Richard Julian called me evil before we even spoke.
Okay, well, not me. But “Georgie,” the eponymous protagonist in a song on the Brooklyn-based singer-songwriter’s new album, “Girls Need Attention.” ”Oh Georgie, you’re evil,” sings Julian, strumming along with a ukelele, “and one of these days it’s gonna catch up to you.”
Hopefully not before June 30, when Julian hits the Lizard Lounge in Cambridge.
Julian’s latest album boasts inventive, compelling songwriting (with guest turns by Jolie Holland and Wilco’s Nels Cline, among others), as well as unsparing post-relationship catharsis, of which “Georgie” is exemplar. But it is by no means a mopefest. It is by turns witty, biting, reflective and warm. Think Mike Errico, Tom Thumb or Randy Newman (whose “Wedding in Cherokee County” he covers).
His range is impressive, spanning from the pensive “World We Made” to the upbeat pop of “Lost in Your Light” to the bluesy riffs of the title cut to the embittered “Words.” It makes sense, given the varied company he keeps, including stints touring or playing with the likes of Bonnie Raitt, Josh Ritter, Norah Jones, Suzanne Vega.
When I called him on a recent Tuesday evening, I caught him by surprise. He’d forgotten our interview. “I’ve been managing myself these days, and a few things have slipped through,” he apologized. Julian had assembled some friends for a dinner party. “I’ve got a chicken sausage gumbo sitting here,” he said.

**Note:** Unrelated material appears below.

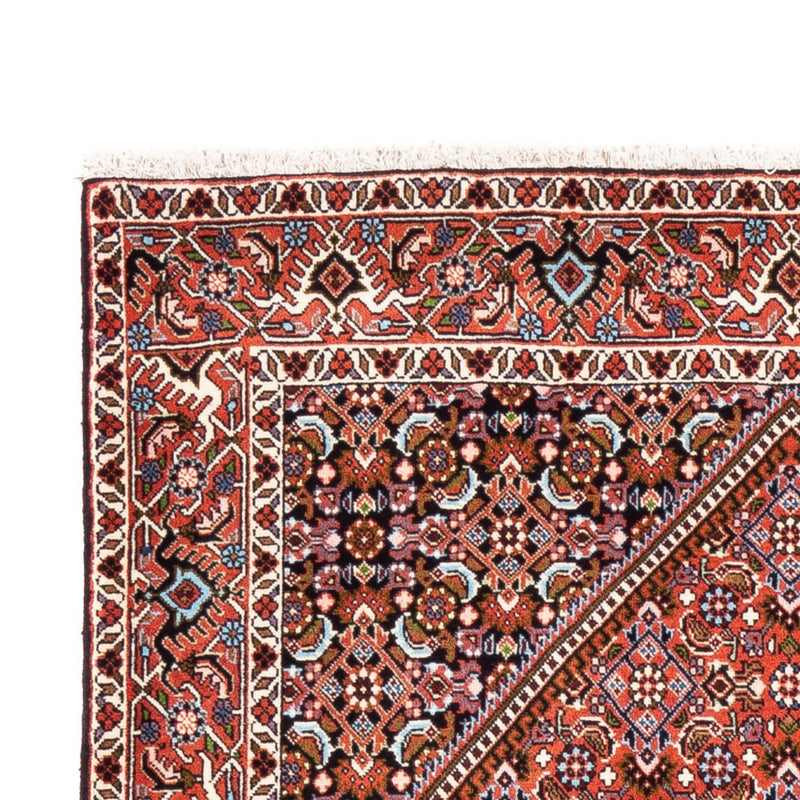 Perser Rug - Bidjar - 180 x 112 cm - red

Food and drink are as much a part of Julian’s life as his music; he’s working on a web video series (not yet online) that brings musicians and meals together, and he blogs about tequila and other fine spirits at The Brooklyn Lime. Julian is very much a man interested in exploring his appetites, and the place where they intersect is one where he is comfortable. “She looked like a fresh piece of cake,” he sings in the new album’s title track, a line that always makes me laugh.
Julian graciously paused from dinner party prep to give me some attention and Take Five for Safe Digression.
This is a very, as you’ve put it, confessional album. How do you reach that point of comfort with songwriting and performing – or is it really comfort at all?
The only thing uncomfortable about it sometimes, anything you put out there, any piece of art — a painting, a song, a symphomy — is that it is left open to interpretation by everyone. I guess in some cases, the more literal things get, the more strange it can be to hear other people’s interpretations. In some ways, you have a very literal way into something and you realize that all of this stuff is literal, it can still have a life of its own anyway. It breaks down the idewa of what really is literal anyway. If what you’re telling comes from some kind of truth and people interpret it as fiction, then what is it really? What is truth and what is fiction?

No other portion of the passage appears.